You will know it by its seriousness.
Give me your hand.
Rainer Maria Rilke
Book of Hours, I 59
Dear Friend,
I hope that I mentioned I would be in a quiet place last week, and if I did not, then I am sorry that I may have left you wondering. I hope that you might believe me that I thought of you often, and when I say I thought of you, I mean I love you and that I prayed for you, believing that God knew exactly what you needed at that moment.
I was at a secluded beach on the border of Virginia and North Carolina. And by secluded I mean that each morning I would walk to the ocean from my little tent, before coffee, and walk for miles before I would see another person. I want to say that I spent the week listening. Paying attention, which, Mary Oliver tells us, is the beginning of devotion. Adoration.
I can say for certain that I spent the week falling in love and feeling loved. Which, I think must be the same thing.
You might wonder what that means, and you might wonder what happened. I would wonder these things if the roles were reversed. Yet, It’s hard for me to put it into words. I am thinking that instead of explaining, I might simply share some of the sketches that I drew. Maybe that will give you a hint of what I saw. What I loved: Is that okay with you?
3 April
This is what I hear:
This is the song of the universe:
“We are with you.”
Yesterday morning alone on the beach, listening to the surf symphony. It was white noise, but it was also blue noise and pink noise, and the noise of light green moss and every color you have never touched. There was the rumble of thunder, there was a splashing, the high-pitched of sanderlings, the low pitch of geese, there was everything in between. And when I lost the tune to what if? and felt completely alone, there was the call of a hawk or an osprey.
“Listen!” It said.
“We, too. With you.”
The surf lunged for me. Like Carley bringing me a ball to throw. I tried to jump back, but not with my whole heart.
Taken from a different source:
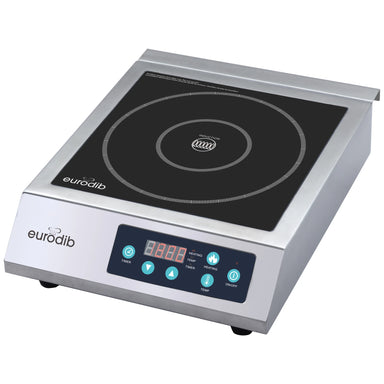 Eurodib CI3500 3500W commercial induction cooker with stainless steel housing, black vitroceramic glass top and digital touch controls, front angled view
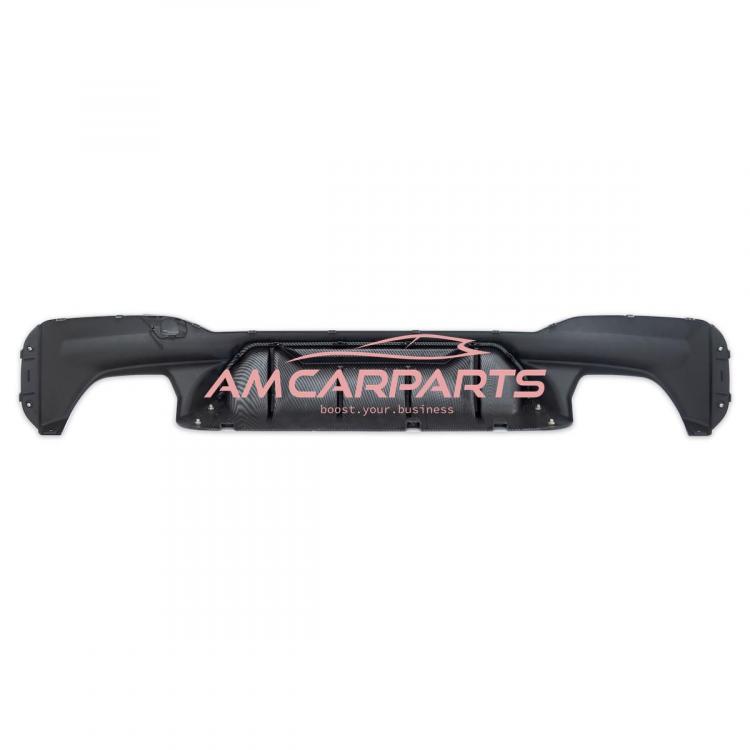 Upgrade Sport Design Heck Diffusor passend für BMW 5er G30, F90 / G31 Vor-Facelift Limousine / Touring 17-20 Carbon-Optik / Hochglanz schwarz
I am coming to believe the song is playing all the time. In you. In us. Always the same song, but never the same sound. An eternal song, yet never growing old. Not wasted if I cannot hear. Not wasted on the sanderlings, I think. Not ever. Be still.
I must be empty to be full. I must be completely alone to be completely with. As long as there is any space, any fold, any crease in which I hide myself, I am incomplete.
Yet I cannot unfold myself. Only Grace. To try is to hide in the crease. The tryier I get the more of me I grasp.
A Quiet House.
I imagine being a caretaker of a quiet house. A house where people go to hear the song of the universe. There is no teaching. No program. There are no little pages to fill out or birds to check off someone’s list. No identification guides.
No gold stars.
Listen.
I will make coffee and tea each morning and fresh bread. I will slice oranges and lemons and cucumbers when they are given and some days I might lightly boil eggs, or accept apples from the neighbor’s orchard. Maybe the sisters from the monastery near Crozet will offer cheese. There might be preserves in the pantry. Near the flour and salt and yeast.
Guests might sit together at the table outside under the oak before beginning their listening. The new guests will wonder if they are doing it right and nobody will get in their way. Not ever.
People might join the fire that I will build and tend in the evening. And maybe we will be empty together.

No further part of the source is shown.